In this post I want to talk about fidelity, meaning the resolution we give to our product prototypes. Marty Cagan talks a lot about the different types of prototypes that can and should be used during discovery. A prototype should only just be good enough (i.e. have high enough fidelity) to verify an idea. We don’t want to spend any more time making it than necessary, because in the end we will throw it away once we build the real product.
To understand if a feature will be valuable and usable, the designers can create wireframes/mock-ups/prototypes in a tool like Figma. It allows the designers to create realistic screens and also run simulations of the real app (just the flows, no data). The risk is that the designers go all-in, creating high-fidelity prototypes that the developers must treat essentially as a requirements document, with all the difficulties that that entails:
- The developers have to build in increments (screen-by-screen), rather than being able to deliver iteratively (starting with a simple story and elaborating).
- Changes to the design means that a large prototype has to be frequently updated, requiring the team to spend time figuring out how to maintain the prototype rather than spending time collaborating on delivery of the next story.
Also, the more waterfall the process is, the more overloaded the prototype becomes with all the information the developers need to build the product. The result is a very high-fidelity prototype that actually contains many different types of information:
- The flow (process) the user follows
- The structure of the information presented in each screen
- The graphical details (colour scheme, copy, etc.)
The Agile way
So how should we design prototypes as part of an iterative development process? There is still the need to capture the conceptual integrity; the team still need prototypes to verify the value and usability of potential solutions. The answer lies in the fidelity of the prototypes.
To verify the conceptual integrity of the solution, it is enough to capture the flow, name the activities and identify the states the customer or feature is in. High-fidelity prototypes would be replaced with simple boxes, arrows and labels, and would actually more resemble the process diagrams created using BPMN.
If more fidelity is needed at this stage, in order to verify usability for instance, then it should be added to those screens where it is needed, rather than the whole prototype. But even if creating a full-scale high-fidelity prototype is justified at this stage, it should still not be delivered as a big-bang to the development team for the reasons stated above.
The story starts here
Once the team have identified a valuable, usable, feasible feature that can be built, the next step is to break down the work into smaller pieces, eventually arriving at INVEST-type stories that can be used to create potentially shippable software at every iteration. These stories should be supported by corresponding prototypes which contain all the structure and graphical details needed by the developers to be able to build the feature. The key here is that the designer creates specific prototypes for each story that the team have defined, rather than just referring to some combination of screens in an existing full-scale high-fidelity prototype.

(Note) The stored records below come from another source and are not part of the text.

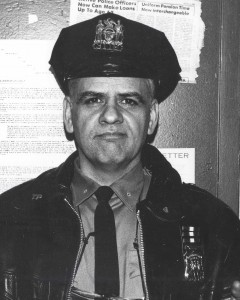 William T. Martin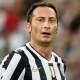 iuliano juventus e1728728995856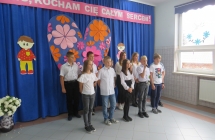 Dzien Mamy 2022 39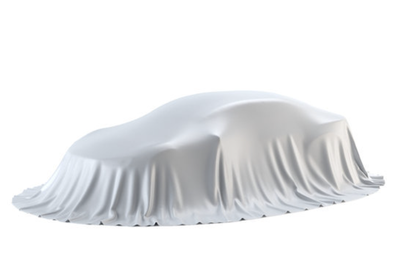 AMVIC Licensed Business Engine: V6 Cylinder Engine 3.6L L/100Km City: 13.0 L/100Km Hwy: 9.4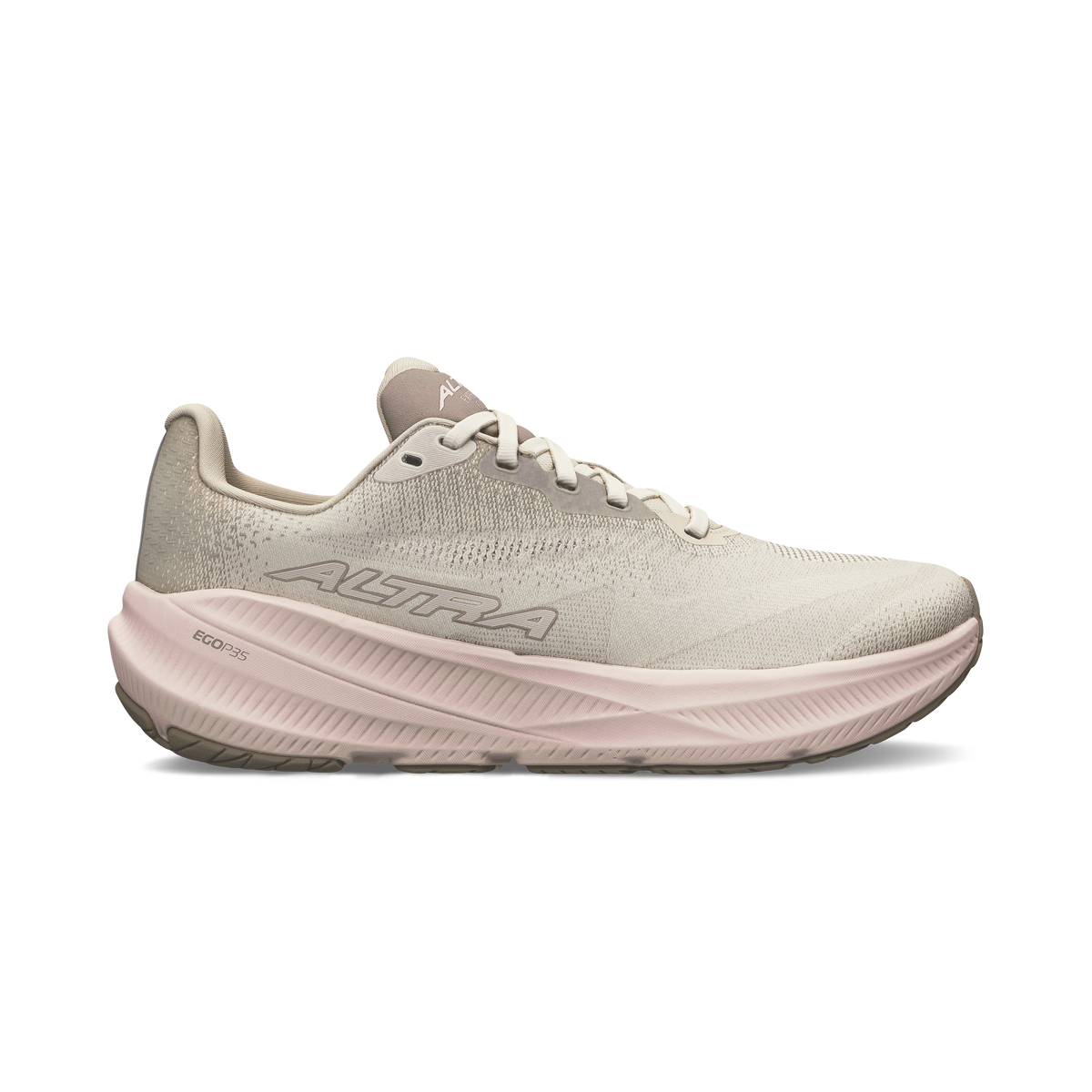 Altra Women's Experience Flow 3 Tan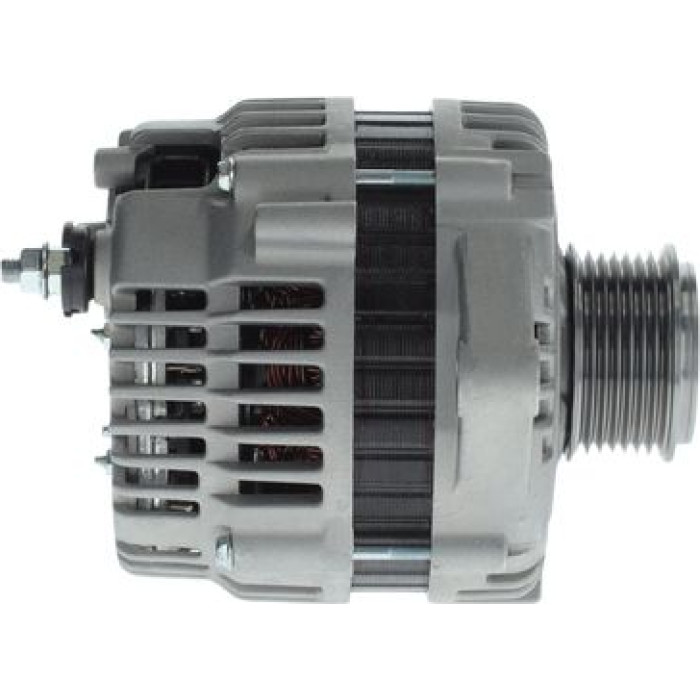 BOSCH 1 986 A01 857 Generator BOSCH 1 986 A01 857 Generator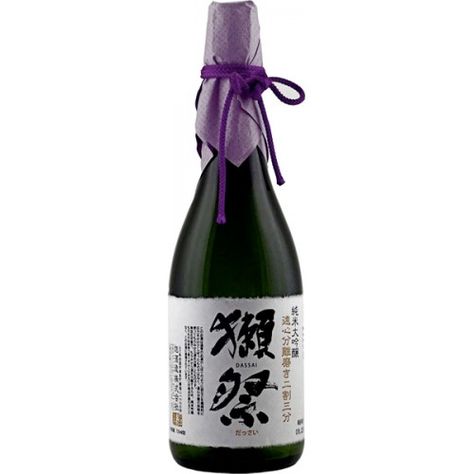 Las 5 botellas de sake que tienes que probar este verano - Food & Pleasure Aomori, Soju Bottle, Cocktail Recipes, Sake, Liquor, Wine Bottle, Beer, Wine, Drinks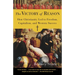 The Victory of Reason: How Christianity Led to Freedom, Capitalism, and Western Success
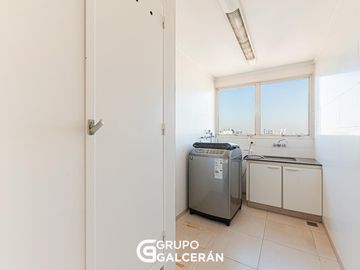 Departamento en  Venta | BELGRANO CON JARDIN PILETA | COCHERAS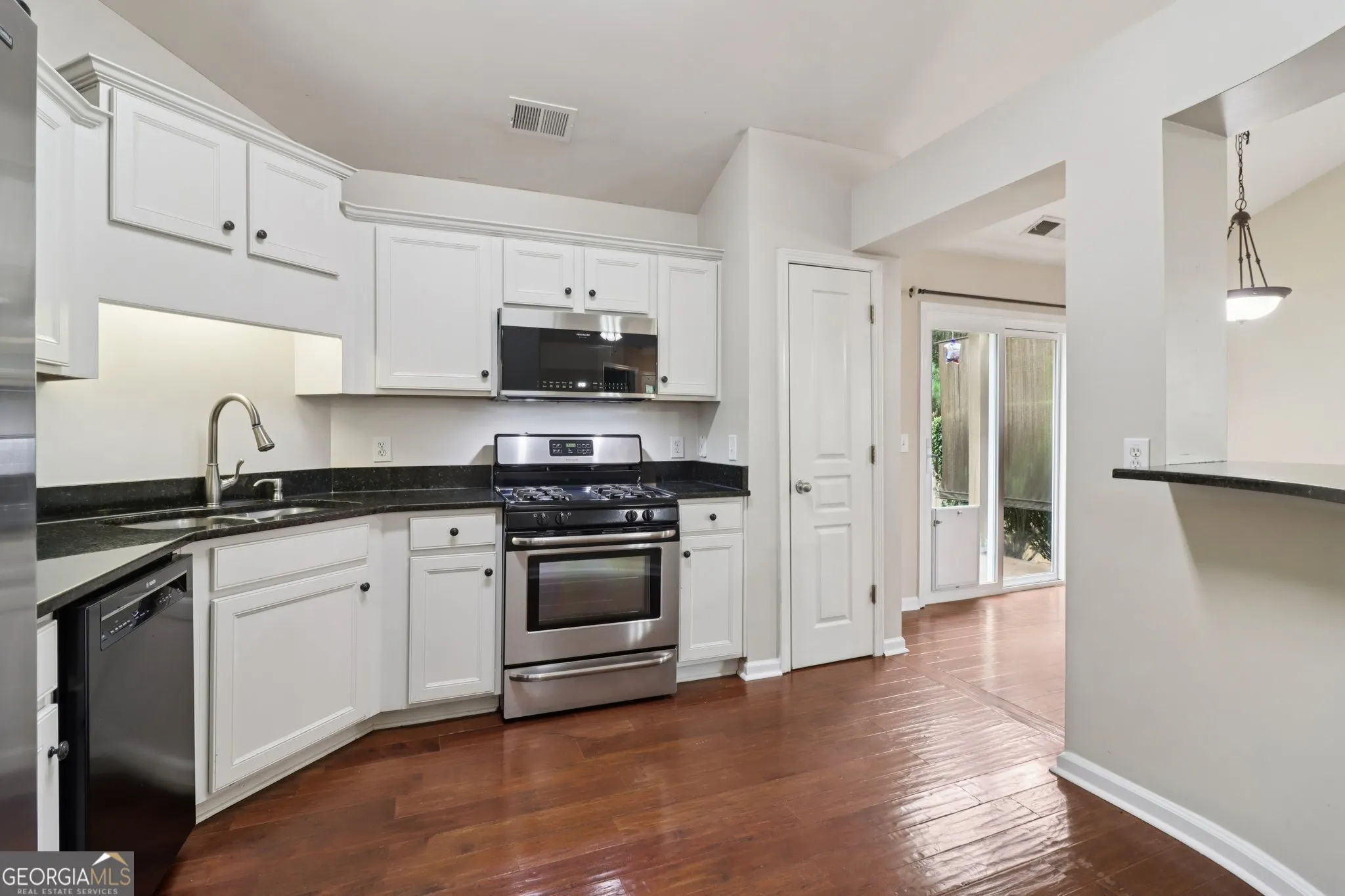 429 Arrowhead Trail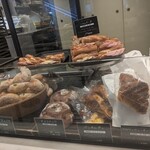 ル・プチメック - 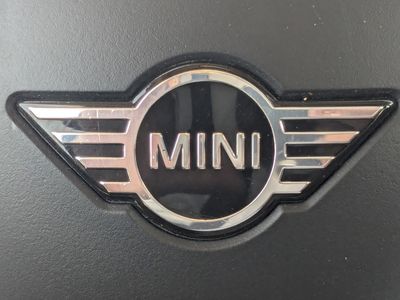2022 MINI Countryman - Photo 32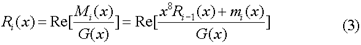 （3）.gif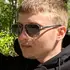 Я Максим, 19, знакомлюсь для без обязательств в Тюмени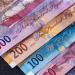 سعر الريال القطري مقابل الجنيه في البنوك المصرية بتعاملات نهاية الأسبوع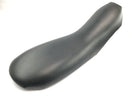 KTM 950 Adventure LC8 [2004] - Seat black-1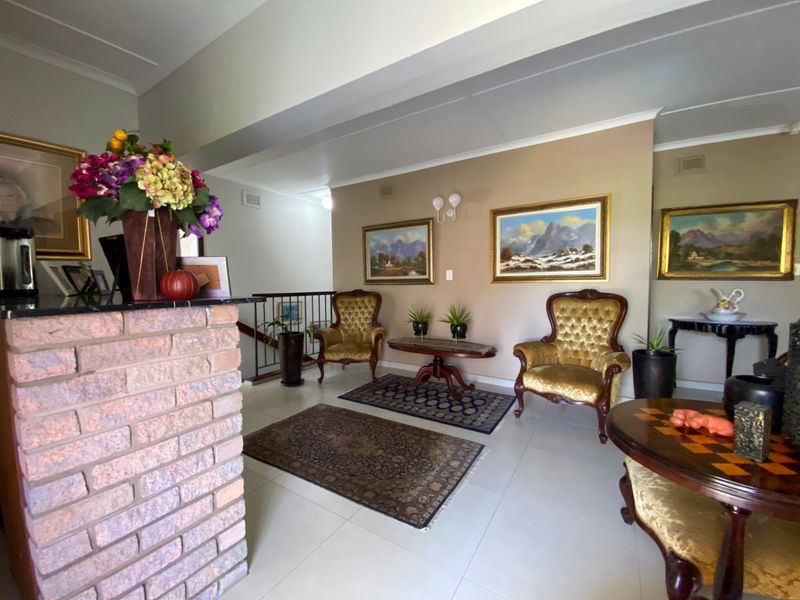 House For Sale In Margate - Photo 3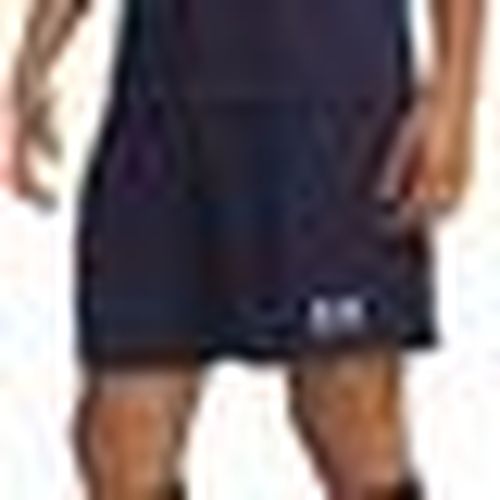 Pantaloni corti Under Armour Core - Under Armour - Modalova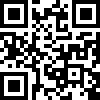 https://tazenews.com/x4kQk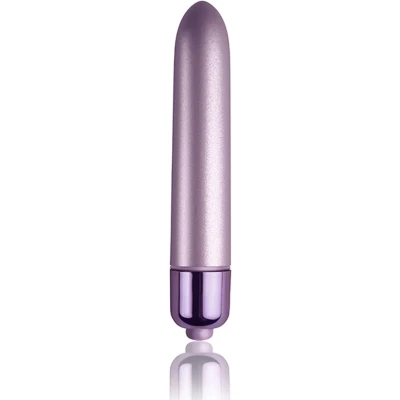 Afbeelding van Rocks Off Touch of Velvet Soft Lilac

Now the team will have a story-size high-fidelity prototype that only contains enough information for the story they will work on next. Even if the details change, it will be on a much more manageable scale. In fact, creating this small high-fidelity prototype should not be the end of the collaboration between the designer and the developers. They should continue to work closely together during development and make changes directly to the product rather than updating the prototype (which will be obsolete as soon as the story is finished). This avoids the need for any elaborate maintenance procedures.
The flip-side of this is that the earlier full-scale low-fidelity prototype will also be easier to maintain because it only represents the flows, which also should be quite stable even as discovery continues during the development phase. In other words, it is the structure of information and graphical details that are most volatile and should therefore be modelled as close in time to development as possible (“just-in-time”).
Using this just-in-time approach, the designers would still do about the same amount of work as before with the difference that the more volatile design elements would be created in collaboration with the team and the most volatile elements would not be captured in Figma at all, but added directly to the product in collaboration with the developers, e.g. using pair-programming.